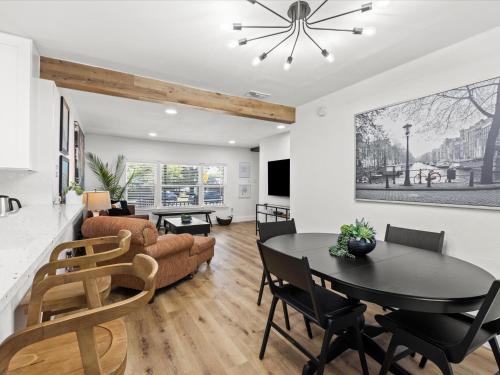 a dining room and living room with a table and chairs at Cozy Arlington Bungalow 4/Mins to AT&T Stadium in Arlington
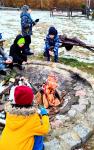 Dzieci zgromadzone przy zimowym ognisku, piekące kiełbaski.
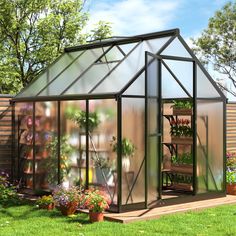 a green house with potted plants in it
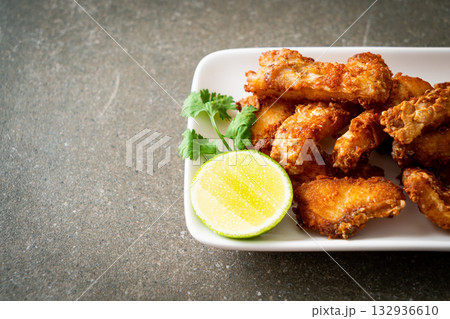 Fried Snapper Belly on white plate 132936610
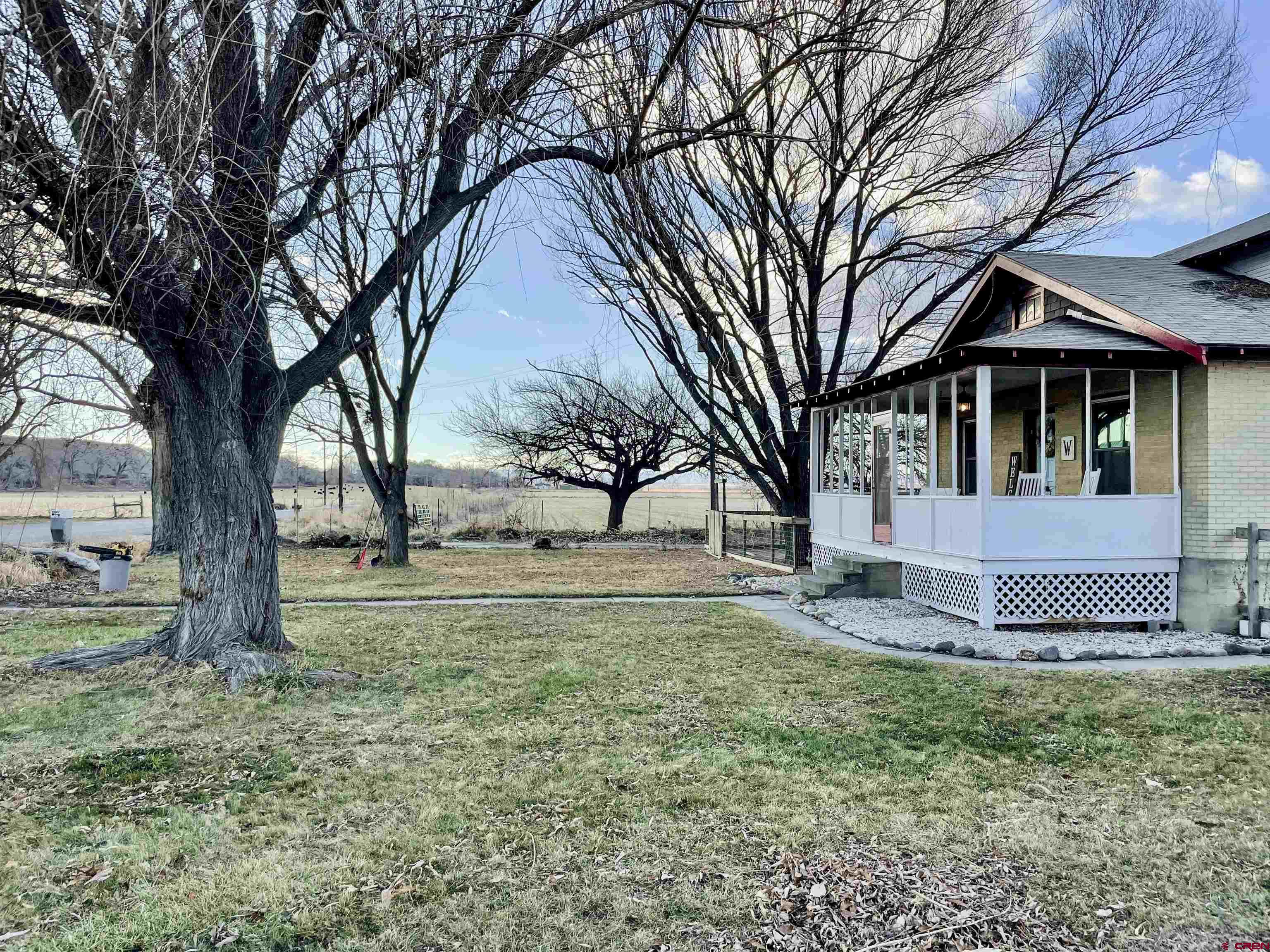19643 H Road Delta, CO 81416 - Photo 26 of 35 a front view of a house with a yard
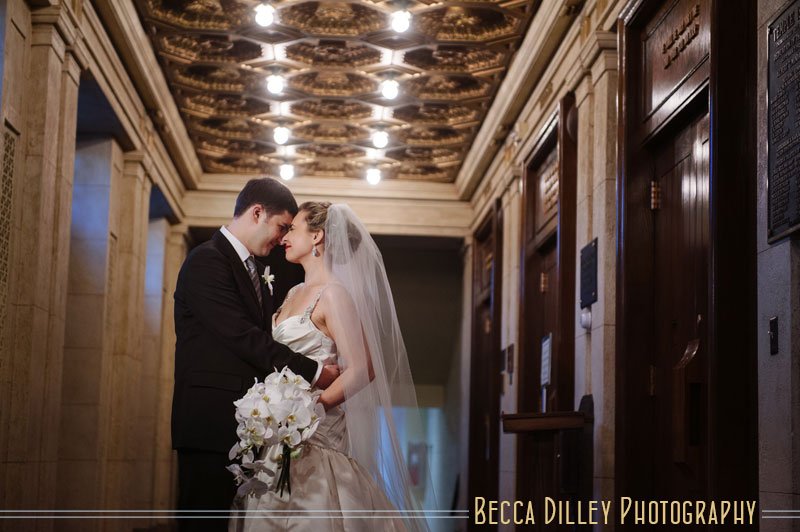 bride and groom under antique architectural lighting of Temple Israel in Minneapolis jewish wedding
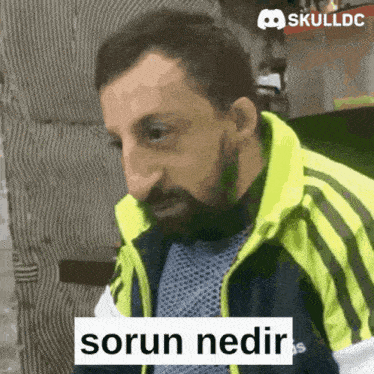 a man with a beard is wearing a yellow and black jacket with the word sorun on it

# [The task]
What you return must match the lines above from the one with "a green house with potted plants in it" through the one with "bride and groom" exactly, with both ends included and the pictures excluded.

# [Solution below]
 a green house with potted plants in it
 Fried Snapper Belly on white plate 132936610
19643 H Road Delta, CO 81416 - Photo 26 of 35 a front view of a house with a yard
 bride and groom under antique architectural lighting of Temple Israel in Minneapolis jewish wedding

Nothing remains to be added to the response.